If the recruiter is given specific hiring criteria that are hard but not impossible to satisfy, I could imagine looking for people who fit those requirements and persuading them to sign up would be a satisfying job of search, selection and salesmanship.
But that's not what these Google recruiters are doing. They are trying to find any vaguely qualified people they can who are willing to dive head-first into the meat-grinder that is the Google interview process. And their job is mostly futile because that process will ultimately reject 90-95% of the candidates.
It's kind of weird they need recruiters at all. There is no more famous tech company than Google. You'd think they would get enough applicants just through their main website.

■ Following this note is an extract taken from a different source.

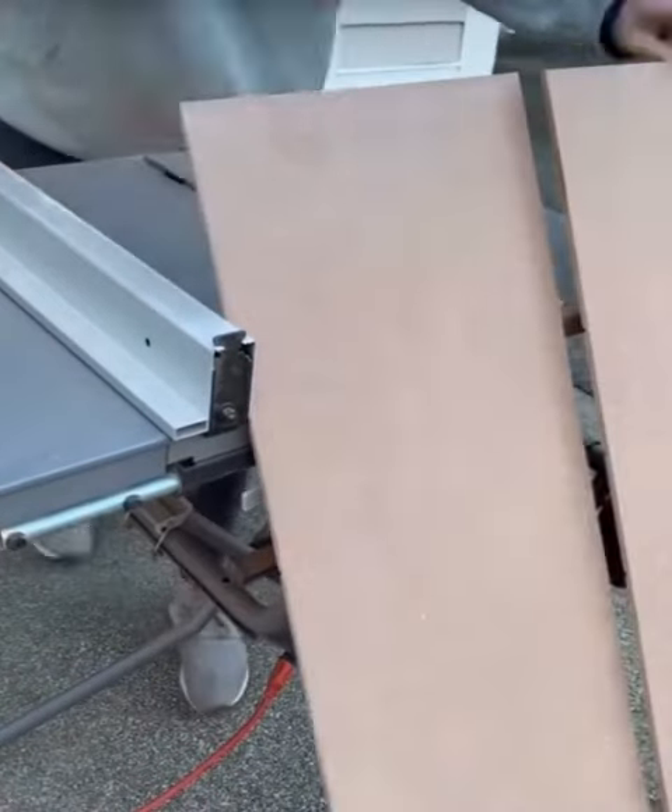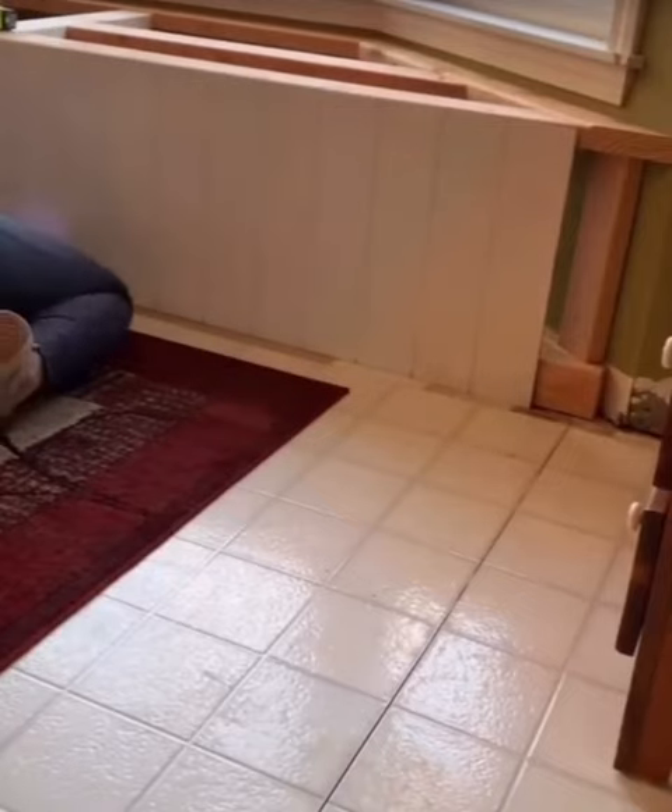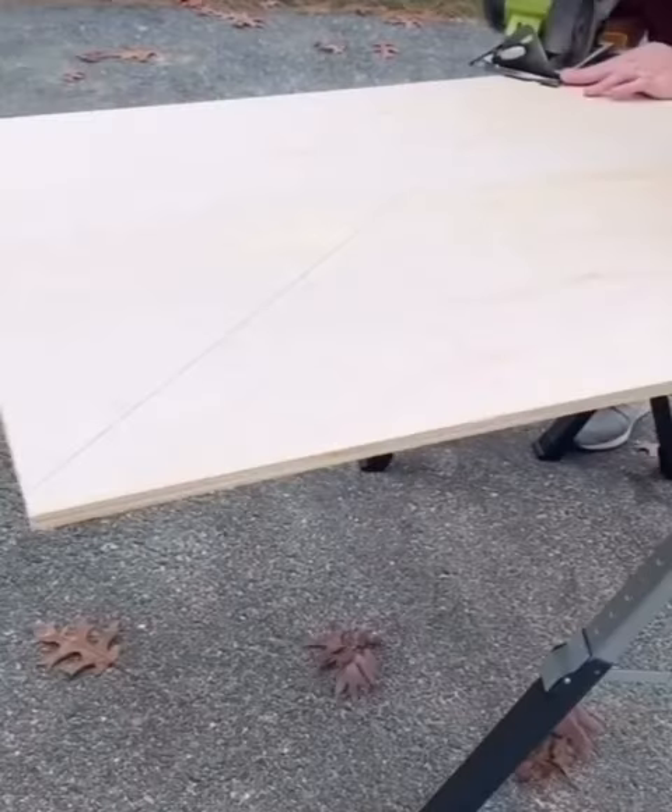I cut three sections of nickel gap paneling from Home Depot for the front of the bench, and secured these panels using finish nails into the 2x4s. Then I cut the top out of half inch plywood, also in three sections.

Well, the author says all he has to do is type 2 letters to send invites and rejection, maybe with a few words to make it look personal. The process is streamlined, that doesn't make it more interesting.
As an ex-recruiter, here's what my dream job would have been like:
1. No arbitrary process numbers. Job and cost numbers fine, but "10 calls a day" "5 BD calls a day" "20 resume sends a week" is stupid - would rather have a manager helping me make strategic decisions, using my time intelligently.
2. Automated bullshit. No more downloading resumes to upload to our system. We either pay linkedin and use that exclusively, or outsource somebody to fill out our own CRM (actually good CRM that has functional searching, not that Bullhorn bullshit that barely worked).
That's all it would take. If a recruiter annoys you, it's probably because you're Candidate Call #9 of the day and she has to get to 10 or she'll lose her job.
I see this as a problem with HR and recruiting in general, not a Google problem.
The only reason this is news at all is because Google is in the title. Replace that with any other company name and it just describes another position that could either be automated or outsourced.
But that's not what these Google recruiters are doing. They are trying to find any vaguely qualified people they can who are willing to dive head-first into the meat-grinder that is the Google interview process. And their job is mostly futile because that process will ultimately reject 90-95% of the candidates.